Aim of the task. Omit the pictures and output every entry below exactly as written.

(Pictures with short captions)
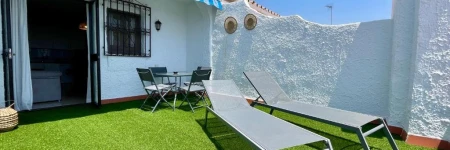 SHR066 Apartment in Nerja with Pool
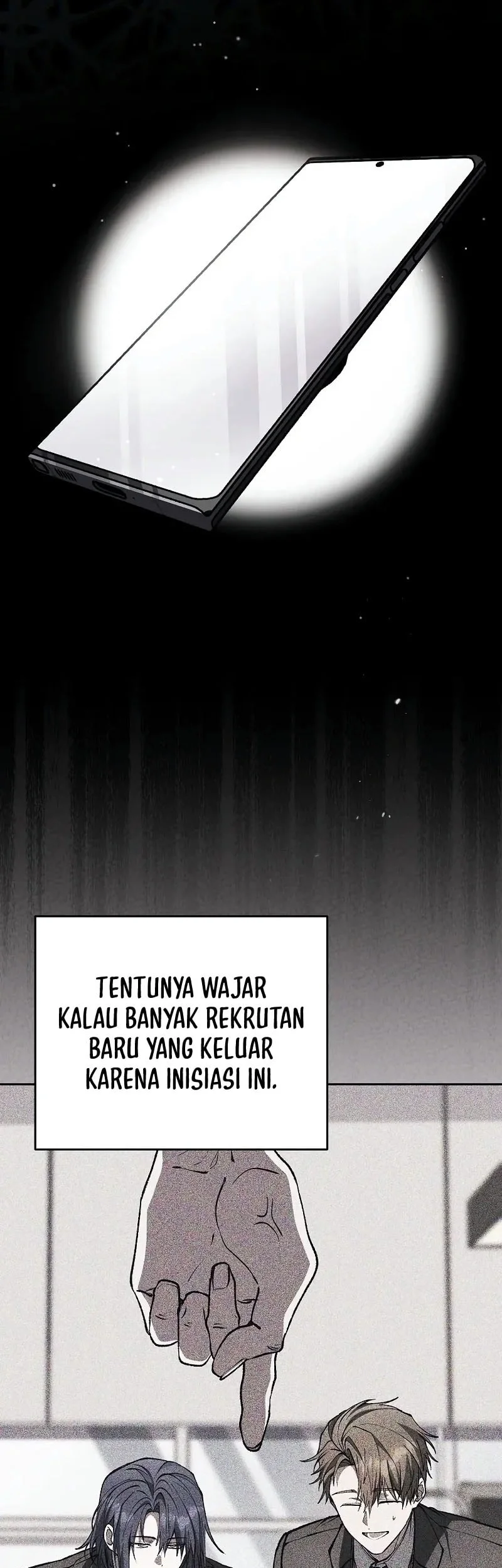 Got Dropped into a Ghost Story, Still Gotta Work Chapter 10 - halaman 6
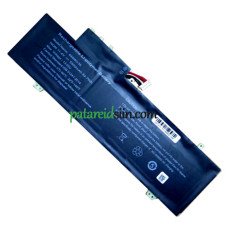 Asenduspatarei PDA 649060-3S jaoks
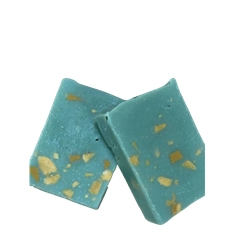 Green Clay & Carrot with Ylang Ylang Essential oil Soap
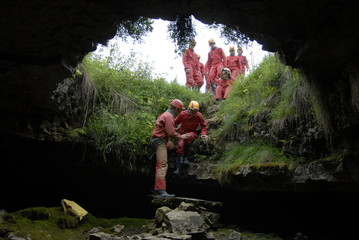 spéléo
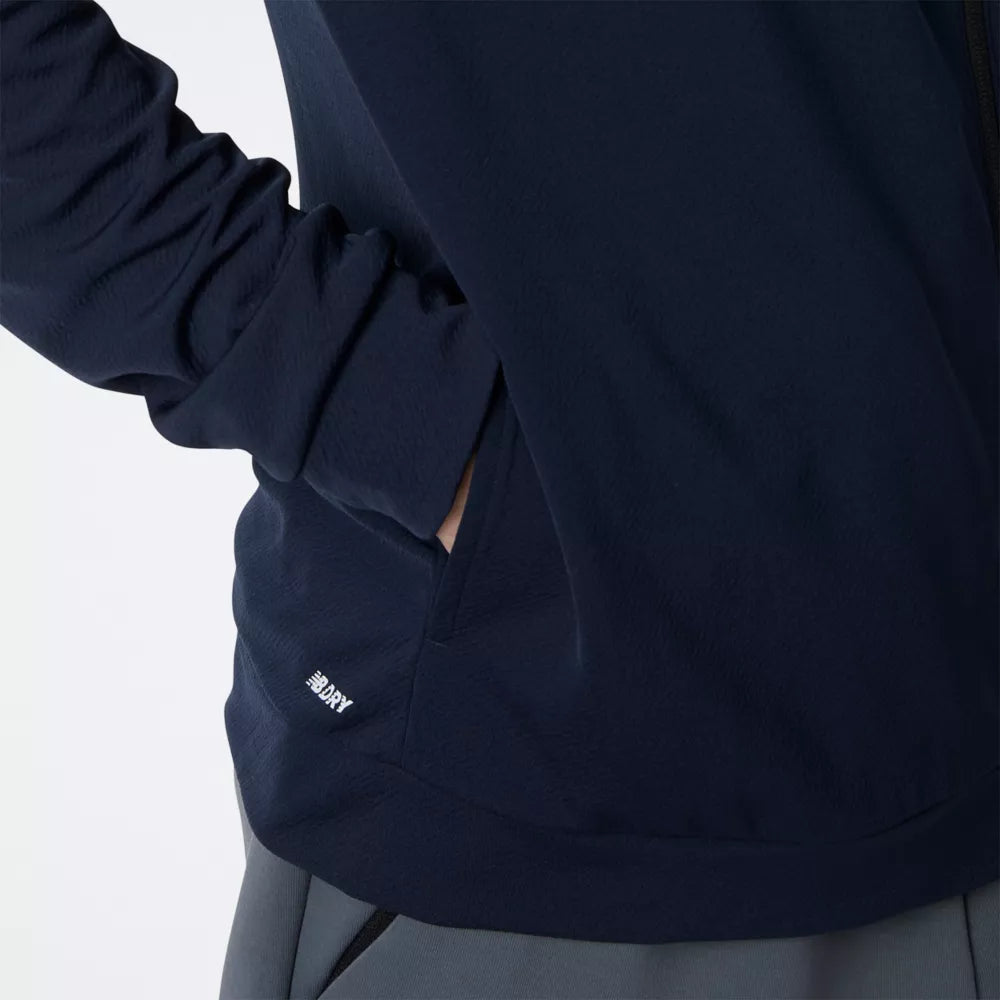 NB Tech Training Knit Track Jacket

Task result.
 SHR066 Apartment in Nerja with Pool
 Got Dropped into a Ghost Story, Still Gotta Work Chapter 10 - halaman 6
 Asenduspatarei PDA 649060-3S jaoks
 Green Clay & Carrot with Ylang Ylang Essential oil Soap
 spéléo
 NB Tech Training Knit Track Jacket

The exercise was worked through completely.